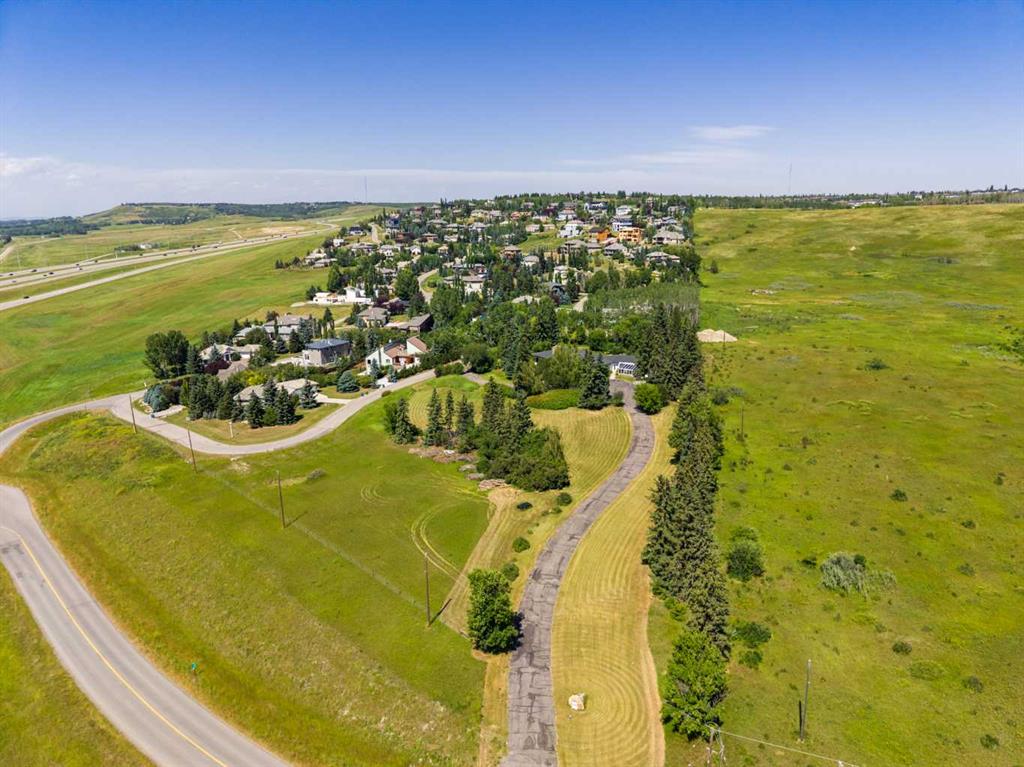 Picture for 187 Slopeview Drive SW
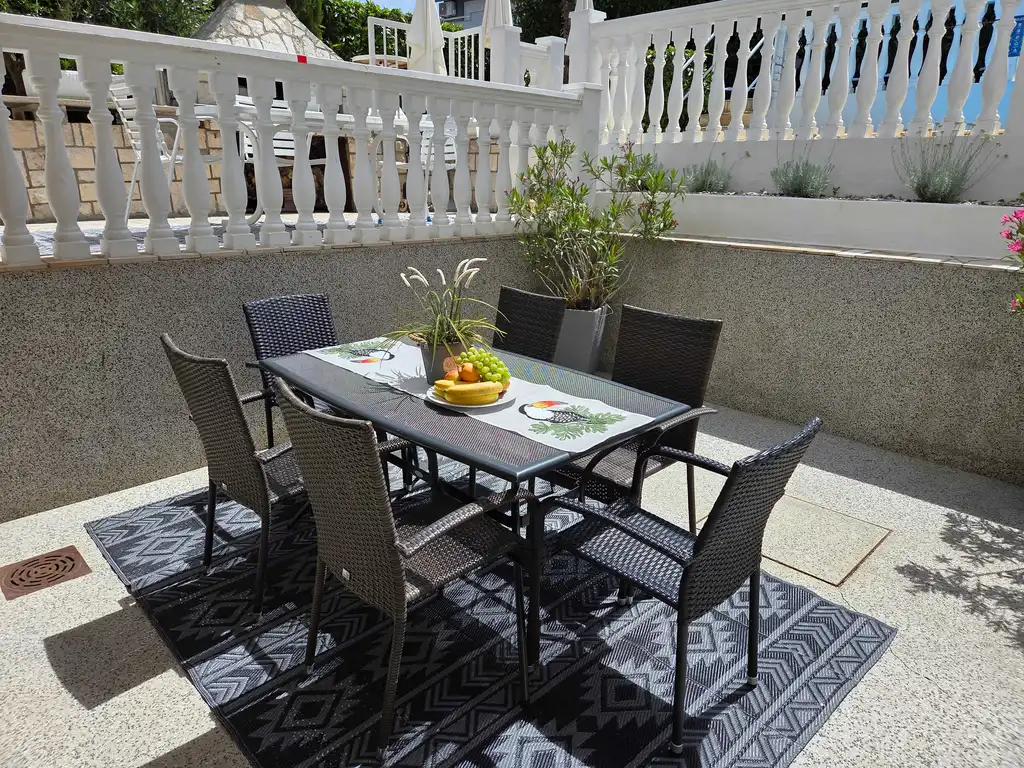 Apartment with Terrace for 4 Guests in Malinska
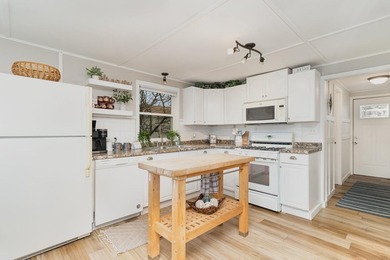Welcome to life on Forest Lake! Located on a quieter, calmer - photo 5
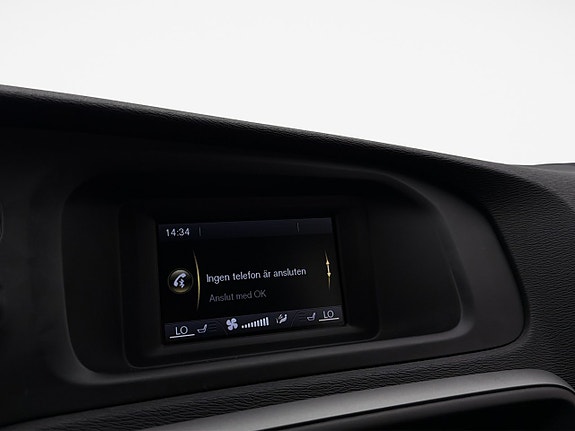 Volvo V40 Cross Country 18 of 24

-----

Return the data word for word without its pictures.

Reply
 Picture for 187 Slopeview Drive SW
 Apartment with Terrace for 4 Guests in Malinska
Welcome to life on Forest Lake! Located on a quieter, calmer - photo 5
 Volvo V40 Cross Country 18 of 24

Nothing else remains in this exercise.